Layer 3 provides switching and routing technologies, creating logical paths, known as virtual circuits, for transmitting data from node to node. Routing and forwarding are functions of this layer, as well as addressing, internetworking, error handling, congestion control and packet sequencing. Layer 3 Network examples include AppleTalk DDP, IP, IPX.

Transport (Layer 4)

OSI Layer, Layer 4, provides transparent transfer of data between end systems, or hosts, and is responsible for end-to-end error recovery and flow control. It ensures complete data transfer. Layer 4 Transport examples include SPX, TCP, UDP.

Session (Layer 5)

This layer establishes, manages and terminates connections between applications. The session layer sets up, coordinates, and terminates conversations, exchanges, and dialogues between the applications at each end. It deals with session and connection coordination. Layer 5 Session examples include NFS, NetBios names, RPC, SQL.

Presentation (Layer 6)

This layer provides independence from differences in data representation (e.g., encryption) by translating from application to network format, and vice versa. The presentation layer works to transform data into the form that the application layer can accept. This layer formats and encrypts data to be sent across a network, providing freedom from compatibility problems. It is sometimes called the syntax layer. Layer 6 Presentation examples include encryption, ASCII, EBCDIC, TIFF, GIF, PICT, JPEG, MPEG, MIDI.



Application (Layer 7)

OSI Model, Layer 7, supports application and end-user processes. Communication partners are identified, quality of service is identified, user authentication and privacy are considered, and any constraints on data syntax are identified. Everything at this layer is application-specific. This layer provides application services for file transfers, e-mail, and other network software services. Telnet and FTP are applications that exist entirely in the application level. Tiered application architectures are part of this layer. Layer 7 Application examples include WWW browsers, NFS, SNMP, Telnet, HTTP, FTP.
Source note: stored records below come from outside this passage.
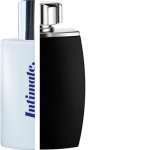 Lalique - White In Black Impression Intimate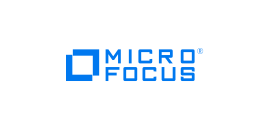 我们提供的 MicroFocus 培训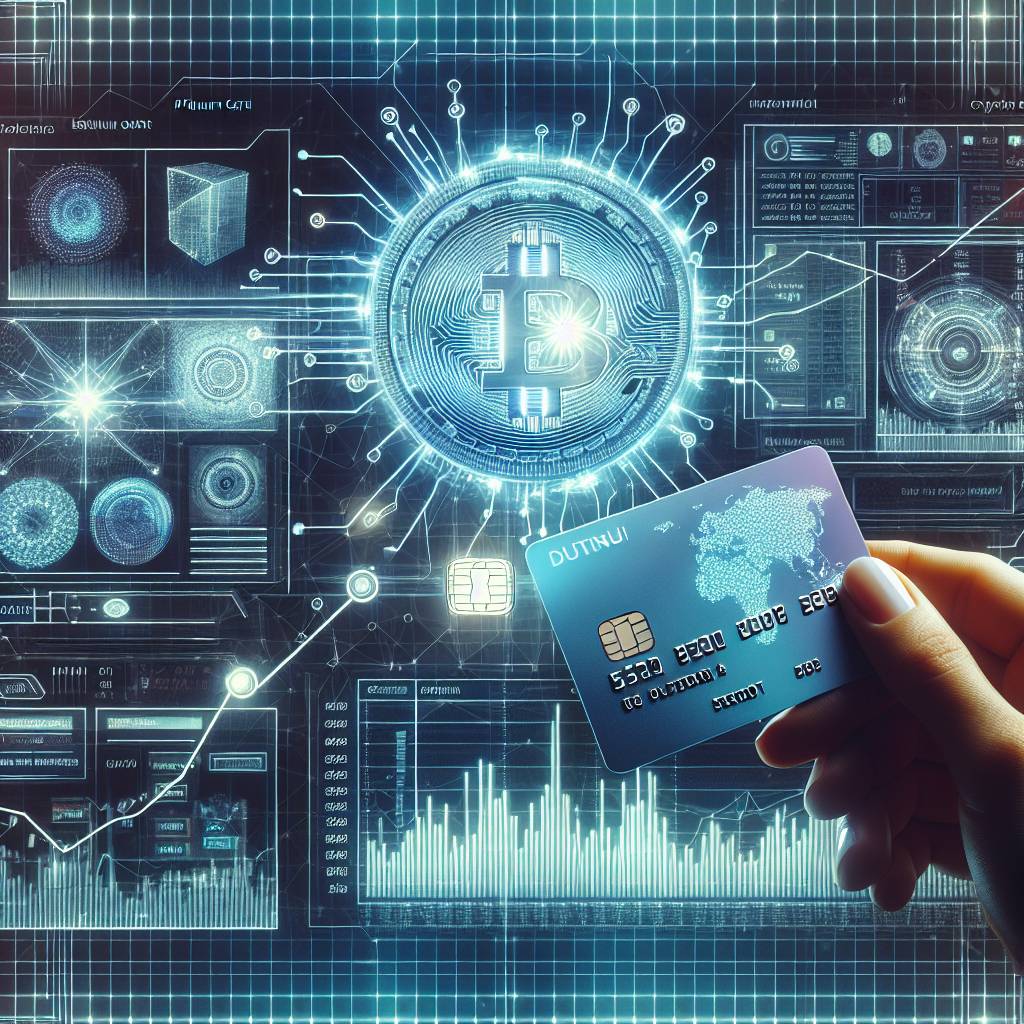 sbiプラチナカードを使用して仮想通貨の取引所に入金する方法はありますか？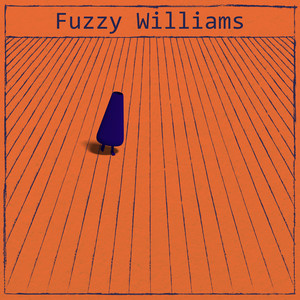 Fuzzy Williams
Network Communications Software 

Network Operating System:

 A Network Operating System is a system software that controls the hardware devices, software, and communications media and channels across a network. It allows various devices to communicate with each other. For Example: Windows NT, Net ware. 

Protocols:

 The set of rules and procedures governing transmission across a network is called Protocol. The principal functions of protocols in a network are line access and collision avoidance. Line access concerns how the sending device gains access to the network to send a message. Collision avoidance refers to managing message transmission so two message do not collide with each other on the network. 
Ethernet protocol:
 The most common protocol is Ethernet 10BaseT. The 10BaseT means that the network has a speed of 10 Mbps. Fast Ethernet is 100BaseT which means that the network has a speed of 100 Mbps. The most common protocol in large corporation is the Gigabit Ethernet which provides network data transmission speed of one billion bits per second.

TCP/IP:
 The Transmission Control Protocol/Internet Protocol is a file transfer protocol that can send large files of information across networks with assurance that the data will arrive in uncorrupted form. It allows reasonable and error-free transmission between different systems and is the protocol of internet. TCP/IP is has four layers.



OSI MODEL TCP/IP MODEL
Application Layer Application Layer
Presentation Layer
Session Layer
Transport Layer Transport Layer
Network Layer Internet Layer
Data Link Layer Host To Network
(Network Access Layer)
Physical Layer

 The table above shows the Comparison between OSI and TCP/IP.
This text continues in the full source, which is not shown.